Er zijn van die dingen in de zorg die mensen buiten ons vak nooit helemaal zullen begrijpen. De Doff ’n Donner in de zorg is daar een prachtig voorbeeld van. Voor de meeste mensen zijn het suffe, beige dingen die oma draagt omdat ze ooit een spatader had. Maar voor ons, zorgverleners, zijn het een combinatie van krachttraining, yoga, zweettherapie en relatietest in één. En dan heb je nog de paal, oftewel: de Doff ’n Donner.

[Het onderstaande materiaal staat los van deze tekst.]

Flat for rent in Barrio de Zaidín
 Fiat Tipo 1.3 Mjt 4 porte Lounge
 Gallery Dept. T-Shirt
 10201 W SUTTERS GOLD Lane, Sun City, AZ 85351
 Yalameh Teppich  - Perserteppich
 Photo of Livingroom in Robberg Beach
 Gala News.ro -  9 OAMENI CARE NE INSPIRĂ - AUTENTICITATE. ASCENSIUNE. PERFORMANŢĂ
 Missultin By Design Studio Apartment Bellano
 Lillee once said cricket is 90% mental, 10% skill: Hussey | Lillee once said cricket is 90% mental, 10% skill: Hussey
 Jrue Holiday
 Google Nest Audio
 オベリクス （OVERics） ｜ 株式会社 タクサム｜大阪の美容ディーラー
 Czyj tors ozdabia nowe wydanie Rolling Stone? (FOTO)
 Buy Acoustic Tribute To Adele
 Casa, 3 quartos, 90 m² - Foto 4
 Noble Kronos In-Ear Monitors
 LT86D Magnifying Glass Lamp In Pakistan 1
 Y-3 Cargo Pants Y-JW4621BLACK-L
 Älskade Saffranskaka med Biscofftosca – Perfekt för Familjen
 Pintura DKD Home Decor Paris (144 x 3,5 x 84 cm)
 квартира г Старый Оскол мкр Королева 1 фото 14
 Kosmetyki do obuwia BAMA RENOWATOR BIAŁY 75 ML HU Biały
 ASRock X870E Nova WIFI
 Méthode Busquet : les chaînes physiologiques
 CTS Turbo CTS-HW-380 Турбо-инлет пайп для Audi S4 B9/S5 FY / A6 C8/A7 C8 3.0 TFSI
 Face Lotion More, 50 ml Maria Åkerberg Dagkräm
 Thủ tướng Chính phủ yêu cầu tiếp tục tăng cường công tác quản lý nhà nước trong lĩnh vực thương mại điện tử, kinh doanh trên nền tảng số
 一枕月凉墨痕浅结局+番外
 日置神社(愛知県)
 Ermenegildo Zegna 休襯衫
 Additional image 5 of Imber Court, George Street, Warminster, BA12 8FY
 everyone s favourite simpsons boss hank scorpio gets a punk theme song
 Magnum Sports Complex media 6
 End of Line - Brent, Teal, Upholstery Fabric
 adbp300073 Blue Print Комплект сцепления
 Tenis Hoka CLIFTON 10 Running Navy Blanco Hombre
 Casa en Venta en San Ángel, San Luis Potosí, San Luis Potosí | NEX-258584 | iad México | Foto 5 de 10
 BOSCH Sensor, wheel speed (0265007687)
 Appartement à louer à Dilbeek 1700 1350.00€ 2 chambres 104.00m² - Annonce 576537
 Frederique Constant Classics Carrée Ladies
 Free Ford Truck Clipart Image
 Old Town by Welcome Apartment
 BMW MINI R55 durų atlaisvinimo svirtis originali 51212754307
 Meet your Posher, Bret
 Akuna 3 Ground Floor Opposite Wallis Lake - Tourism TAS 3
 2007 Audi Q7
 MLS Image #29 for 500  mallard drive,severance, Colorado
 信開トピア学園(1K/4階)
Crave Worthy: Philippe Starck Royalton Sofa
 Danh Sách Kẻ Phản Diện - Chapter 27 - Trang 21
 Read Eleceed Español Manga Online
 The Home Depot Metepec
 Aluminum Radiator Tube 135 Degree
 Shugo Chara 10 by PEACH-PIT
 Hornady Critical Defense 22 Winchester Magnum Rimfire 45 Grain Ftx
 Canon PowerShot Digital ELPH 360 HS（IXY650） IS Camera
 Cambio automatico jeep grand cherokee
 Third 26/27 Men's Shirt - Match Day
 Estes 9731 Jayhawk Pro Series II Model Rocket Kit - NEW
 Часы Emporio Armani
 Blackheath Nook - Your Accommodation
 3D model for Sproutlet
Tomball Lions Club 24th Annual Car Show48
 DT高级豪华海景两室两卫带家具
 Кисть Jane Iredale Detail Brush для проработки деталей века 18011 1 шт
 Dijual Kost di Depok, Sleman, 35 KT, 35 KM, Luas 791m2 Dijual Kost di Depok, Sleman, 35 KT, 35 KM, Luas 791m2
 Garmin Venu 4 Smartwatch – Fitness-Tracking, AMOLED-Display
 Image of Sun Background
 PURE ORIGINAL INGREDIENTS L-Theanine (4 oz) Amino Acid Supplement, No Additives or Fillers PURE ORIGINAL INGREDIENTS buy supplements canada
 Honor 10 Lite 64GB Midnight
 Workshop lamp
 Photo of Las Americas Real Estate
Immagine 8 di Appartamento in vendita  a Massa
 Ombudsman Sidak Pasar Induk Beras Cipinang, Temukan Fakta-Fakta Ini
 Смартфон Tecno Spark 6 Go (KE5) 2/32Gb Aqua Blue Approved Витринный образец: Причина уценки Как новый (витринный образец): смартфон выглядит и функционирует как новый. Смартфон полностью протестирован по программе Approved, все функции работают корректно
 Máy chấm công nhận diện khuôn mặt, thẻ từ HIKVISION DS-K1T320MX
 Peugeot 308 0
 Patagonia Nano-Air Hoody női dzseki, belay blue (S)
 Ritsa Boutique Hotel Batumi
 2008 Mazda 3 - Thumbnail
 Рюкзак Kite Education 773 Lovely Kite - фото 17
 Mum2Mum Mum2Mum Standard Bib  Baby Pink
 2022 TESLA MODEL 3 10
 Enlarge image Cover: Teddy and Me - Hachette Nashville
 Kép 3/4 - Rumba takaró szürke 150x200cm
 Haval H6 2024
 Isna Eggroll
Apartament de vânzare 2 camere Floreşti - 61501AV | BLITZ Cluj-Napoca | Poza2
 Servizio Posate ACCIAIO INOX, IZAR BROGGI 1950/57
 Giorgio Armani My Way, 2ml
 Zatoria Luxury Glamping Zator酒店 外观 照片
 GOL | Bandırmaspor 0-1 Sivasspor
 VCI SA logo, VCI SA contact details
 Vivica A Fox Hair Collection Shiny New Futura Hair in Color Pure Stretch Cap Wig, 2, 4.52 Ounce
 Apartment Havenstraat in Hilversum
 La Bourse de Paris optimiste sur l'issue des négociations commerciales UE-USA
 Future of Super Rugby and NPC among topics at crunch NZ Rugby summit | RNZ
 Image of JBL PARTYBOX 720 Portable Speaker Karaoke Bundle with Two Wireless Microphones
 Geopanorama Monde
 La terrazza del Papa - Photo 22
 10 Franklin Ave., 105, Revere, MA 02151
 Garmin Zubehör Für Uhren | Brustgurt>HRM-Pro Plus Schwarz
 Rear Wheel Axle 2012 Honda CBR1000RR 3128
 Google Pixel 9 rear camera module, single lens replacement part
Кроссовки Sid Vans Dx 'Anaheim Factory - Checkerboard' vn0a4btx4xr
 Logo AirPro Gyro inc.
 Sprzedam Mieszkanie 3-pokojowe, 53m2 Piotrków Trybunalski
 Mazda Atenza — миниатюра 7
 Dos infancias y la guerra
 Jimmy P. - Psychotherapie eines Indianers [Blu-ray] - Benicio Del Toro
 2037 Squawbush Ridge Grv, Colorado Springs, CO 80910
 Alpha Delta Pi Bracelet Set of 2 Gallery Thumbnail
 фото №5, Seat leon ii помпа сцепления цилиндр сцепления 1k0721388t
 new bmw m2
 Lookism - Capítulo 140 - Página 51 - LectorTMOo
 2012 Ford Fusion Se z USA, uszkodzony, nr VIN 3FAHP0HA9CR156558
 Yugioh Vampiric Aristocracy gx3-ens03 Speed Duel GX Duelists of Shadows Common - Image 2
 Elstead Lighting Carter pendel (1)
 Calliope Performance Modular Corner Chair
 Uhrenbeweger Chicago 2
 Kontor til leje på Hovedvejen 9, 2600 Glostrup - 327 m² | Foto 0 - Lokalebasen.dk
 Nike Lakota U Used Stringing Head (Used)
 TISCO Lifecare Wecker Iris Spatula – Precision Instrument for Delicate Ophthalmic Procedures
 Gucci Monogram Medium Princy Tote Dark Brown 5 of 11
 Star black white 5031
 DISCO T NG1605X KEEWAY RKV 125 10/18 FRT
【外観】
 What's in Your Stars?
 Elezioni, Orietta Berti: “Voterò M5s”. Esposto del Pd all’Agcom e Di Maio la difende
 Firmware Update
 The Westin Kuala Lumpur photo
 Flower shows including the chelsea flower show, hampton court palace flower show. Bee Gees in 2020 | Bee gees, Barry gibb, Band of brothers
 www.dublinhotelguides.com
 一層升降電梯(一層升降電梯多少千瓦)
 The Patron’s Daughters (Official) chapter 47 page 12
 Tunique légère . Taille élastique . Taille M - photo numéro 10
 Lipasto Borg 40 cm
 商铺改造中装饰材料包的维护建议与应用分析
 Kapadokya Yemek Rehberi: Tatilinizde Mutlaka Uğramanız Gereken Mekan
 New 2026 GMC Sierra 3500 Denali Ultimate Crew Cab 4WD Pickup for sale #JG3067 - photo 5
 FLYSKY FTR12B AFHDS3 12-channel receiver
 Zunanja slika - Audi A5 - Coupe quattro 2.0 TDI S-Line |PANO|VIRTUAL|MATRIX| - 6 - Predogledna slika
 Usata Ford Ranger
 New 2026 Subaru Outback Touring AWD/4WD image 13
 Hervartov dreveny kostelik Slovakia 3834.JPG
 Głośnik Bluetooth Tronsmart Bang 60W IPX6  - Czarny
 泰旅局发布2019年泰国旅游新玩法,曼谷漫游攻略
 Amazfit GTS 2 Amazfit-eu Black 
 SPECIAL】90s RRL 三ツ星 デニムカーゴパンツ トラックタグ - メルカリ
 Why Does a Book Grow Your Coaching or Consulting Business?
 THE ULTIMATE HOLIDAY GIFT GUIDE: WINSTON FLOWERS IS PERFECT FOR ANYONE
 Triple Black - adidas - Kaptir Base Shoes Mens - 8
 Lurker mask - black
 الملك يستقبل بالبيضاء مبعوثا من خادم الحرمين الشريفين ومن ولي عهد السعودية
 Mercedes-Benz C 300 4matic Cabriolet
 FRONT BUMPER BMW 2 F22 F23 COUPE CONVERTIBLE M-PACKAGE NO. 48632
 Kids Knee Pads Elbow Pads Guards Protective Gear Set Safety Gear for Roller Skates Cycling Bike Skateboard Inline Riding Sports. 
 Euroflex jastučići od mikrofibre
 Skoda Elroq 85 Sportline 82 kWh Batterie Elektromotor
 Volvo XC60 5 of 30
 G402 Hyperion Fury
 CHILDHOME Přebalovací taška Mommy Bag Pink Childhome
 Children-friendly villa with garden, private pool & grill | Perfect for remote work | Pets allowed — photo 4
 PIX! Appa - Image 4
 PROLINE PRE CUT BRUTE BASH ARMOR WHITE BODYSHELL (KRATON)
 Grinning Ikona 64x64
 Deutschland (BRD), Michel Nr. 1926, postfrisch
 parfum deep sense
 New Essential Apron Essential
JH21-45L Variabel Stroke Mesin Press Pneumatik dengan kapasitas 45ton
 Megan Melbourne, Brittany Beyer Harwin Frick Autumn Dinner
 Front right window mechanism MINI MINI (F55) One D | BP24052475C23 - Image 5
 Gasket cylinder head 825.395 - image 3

Dat rubberen, torpedovormige ding waarvan iedere wijkverpleegkundige weet dat je ermee kunt vloeken, lachen, stuntelen en zweten tegelijk. Het idee is simpel: het helpt je om de steunkous soepel over een been te laten glijden zonder dat je je rug breekt of de cliënt richting plafond lanceert. In theorie werkt dat prachtig. In de praktijk is het een klein spektakel waar je het best een toeschouwersplek bij kunt aanbieden, inclusief popcorn.
Hulp middel of nachtclub
De Doff ’n Donner, of zoals we hem allemaal liefkozend noemen: de paal, is niet zomaar een hulpmiddel, het is een karakter op zich. Vraag een willekeurige collega naar de paal en er komt altijd een verhaal. Want hoe je het ook wendt of keert, professioneel blijven is bijna onmogelijk als iemand naast je zegt: “Pak jij even de paal?” Of: “Ik trek ’m er wel even overheen.” Of, mijn persoonlijke favoriet: “Hij glijdt vandaag niet goed.”
De cliënt kijkt dan verbaasd, terwijl jij wanhopig probeert niet in lachen uit te barsten. En natuurlijk staat er ergens in de hoek een collega met tranen in haar ogen van het lachen, terwijl jij met rood hoofd probeert uit te leggen dat het echt een medisch hulpmiddel is, bedoeld om kousen aan te trekken, en niet iets wat per ongeluk in een nachtclub is achtergelaten.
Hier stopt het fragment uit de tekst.